Den Bogen spannt der Sohn von den uns bekannten Klängen Johann Sebastian Bachs bis hin zu Klängen der Frühklassik. Im Jahr 1781 lebte Beethoven schon, und Goethe hatte mit dem „Werther“ längst Furore gemacht! Der 60-minütigen Passion voran stellte Matz die Kantate „Himmelskönig, sei willkommen“ (BWV 182). Wie die Werkzahl verrät, ist es eine frühe Komposition. Neben der St.-Marien-Kantorei standen Sarah Hanikel (Sopran), Helena Poczykiwska (Alt), Manuel Günther (Tenor), Konstantin Heintel und Florian Günther (Bariton) bereit. Als Barockorchester musizierte das „Ensemble historisch 21“ mit Konzertmeisterin Galina Roreck. Instrumentalsolisten waren Dorothea Fiedler-Muth (Violine), Peter Holtslag (Flöten) und Joachim Vogelsänger (Truhenorgel). Gefördert war dieses Konzertprojekt vom Lüneburgischen Landschaftsverband.

Helena Poczykowska

Es begann in Dur und sehr aufgeräumt. Der Verrat und die schrilleren Töne würden später kommen. Bereits die ersten Konzertminuten bewiesen die vorzügliche Balance, die Orchester, Solisten und Kantorei über die gesamte Zeit beibehalten würden. Erik Matz am Pult regulierte die Lautstärken und Einsätze präzise, alle Akteure waren in der Lage, ihm mühelos zu folgen. Es ist erfreulich, dass sich der Kantor in nunmehr 30 Jahren in Uelzen nicht kleinmahlen lässt zwischen den Mühlsteinen, die man Routine nennt!
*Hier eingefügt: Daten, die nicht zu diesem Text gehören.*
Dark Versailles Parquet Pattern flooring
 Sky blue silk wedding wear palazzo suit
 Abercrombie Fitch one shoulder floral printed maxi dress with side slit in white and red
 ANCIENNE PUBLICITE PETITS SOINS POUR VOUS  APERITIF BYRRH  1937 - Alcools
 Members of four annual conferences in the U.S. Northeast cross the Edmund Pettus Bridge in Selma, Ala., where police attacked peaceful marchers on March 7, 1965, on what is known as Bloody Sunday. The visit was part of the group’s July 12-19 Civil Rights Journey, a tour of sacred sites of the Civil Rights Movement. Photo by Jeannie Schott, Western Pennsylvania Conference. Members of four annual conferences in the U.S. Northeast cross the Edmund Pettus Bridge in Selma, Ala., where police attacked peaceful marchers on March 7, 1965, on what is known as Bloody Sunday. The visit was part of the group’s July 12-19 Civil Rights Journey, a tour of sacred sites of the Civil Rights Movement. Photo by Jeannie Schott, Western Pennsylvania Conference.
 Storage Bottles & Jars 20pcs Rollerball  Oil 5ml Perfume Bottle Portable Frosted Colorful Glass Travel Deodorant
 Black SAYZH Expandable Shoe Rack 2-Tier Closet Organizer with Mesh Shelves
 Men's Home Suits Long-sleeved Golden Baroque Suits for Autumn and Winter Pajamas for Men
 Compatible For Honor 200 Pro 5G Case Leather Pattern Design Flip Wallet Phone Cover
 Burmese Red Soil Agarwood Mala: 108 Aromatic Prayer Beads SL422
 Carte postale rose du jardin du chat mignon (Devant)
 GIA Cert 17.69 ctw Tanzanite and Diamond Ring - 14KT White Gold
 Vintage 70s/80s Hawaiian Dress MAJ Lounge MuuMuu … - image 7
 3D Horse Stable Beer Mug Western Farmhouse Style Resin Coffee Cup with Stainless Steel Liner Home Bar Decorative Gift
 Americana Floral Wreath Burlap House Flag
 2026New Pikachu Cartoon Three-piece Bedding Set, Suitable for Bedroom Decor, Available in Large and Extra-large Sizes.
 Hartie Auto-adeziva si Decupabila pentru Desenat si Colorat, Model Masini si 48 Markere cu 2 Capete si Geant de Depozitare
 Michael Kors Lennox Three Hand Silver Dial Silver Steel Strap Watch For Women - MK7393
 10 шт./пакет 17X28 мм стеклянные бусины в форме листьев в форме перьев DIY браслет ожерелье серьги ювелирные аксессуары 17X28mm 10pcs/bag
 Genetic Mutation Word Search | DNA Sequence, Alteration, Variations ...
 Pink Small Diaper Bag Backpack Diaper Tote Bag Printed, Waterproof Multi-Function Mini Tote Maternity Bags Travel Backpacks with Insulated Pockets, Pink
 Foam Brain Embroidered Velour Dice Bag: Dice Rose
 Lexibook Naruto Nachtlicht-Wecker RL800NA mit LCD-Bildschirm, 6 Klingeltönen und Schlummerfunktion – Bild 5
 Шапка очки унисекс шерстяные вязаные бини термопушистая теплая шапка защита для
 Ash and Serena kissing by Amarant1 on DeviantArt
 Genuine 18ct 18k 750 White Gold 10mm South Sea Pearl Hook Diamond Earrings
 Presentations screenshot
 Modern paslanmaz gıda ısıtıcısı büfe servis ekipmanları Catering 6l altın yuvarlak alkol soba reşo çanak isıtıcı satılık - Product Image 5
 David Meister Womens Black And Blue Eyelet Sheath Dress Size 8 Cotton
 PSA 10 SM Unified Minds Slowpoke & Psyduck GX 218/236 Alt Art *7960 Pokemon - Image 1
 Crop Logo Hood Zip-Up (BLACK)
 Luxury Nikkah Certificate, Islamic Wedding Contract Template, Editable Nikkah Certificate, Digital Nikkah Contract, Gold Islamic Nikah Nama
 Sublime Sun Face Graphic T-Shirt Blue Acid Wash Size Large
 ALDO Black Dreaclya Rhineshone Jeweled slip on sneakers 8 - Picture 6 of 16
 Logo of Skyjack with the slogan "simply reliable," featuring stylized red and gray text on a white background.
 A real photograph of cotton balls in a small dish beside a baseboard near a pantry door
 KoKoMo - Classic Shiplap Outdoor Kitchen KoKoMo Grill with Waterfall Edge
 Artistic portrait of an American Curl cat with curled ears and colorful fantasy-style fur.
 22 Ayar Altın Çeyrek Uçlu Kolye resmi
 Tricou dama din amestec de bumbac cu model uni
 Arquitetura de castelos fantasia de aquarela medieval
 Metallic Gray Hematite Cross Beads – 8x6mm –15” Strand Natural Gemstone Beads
Es wurde hingebungsvoll und anmutend  persönlich musiziert. Die technische Perfektion der Sänger:innen und Instrumentalisten ermöglichte eine Ausdrucksintensität voller Geschmeidigkeit  und Opulenz. Nirgendwo gab es nur limitiertes Niveau. Mit lebendiger Kraft und lyrischem Ausdruck erzählten die Solisten und der Chor die Geschichte Jesu. Wunderbar grundiert die Baritone, standsicher der Tenor, die Frauenstimmen zuverlässig geschmeidig. – Was für eine Musik erklang da? „Modern“ wäre das falsche Wort dafür; Johann Sebastian Bach ist bis heute frisch, überraschend und modern. Vielleicht trifft es das Wort „anders“. Es gibt da immer noch die Gewalt der Chöre, die aber nicht mehr barock-schwer sind, und die Eindringlichkeit der Rezitative. Alles ist lichter und doch kompakt.

Manuel Guenther

Natürlich kennt jeder Zuhörer die alten Texte. Und dennoch erschrickt man immer wieder aufs Neue über die Radikalisierung eines Mobs, über die Verleugnung und den schnellen Verrat ehemaliger Vertrauter. Die Sängerinnen und Sänger führten die Handlung sehr beeindruckend vor; die Anklage, das Verstecken und die Feigheit, den Hass. So gesehen war die Konzertstunde wiederholt auch ein Lehrstück.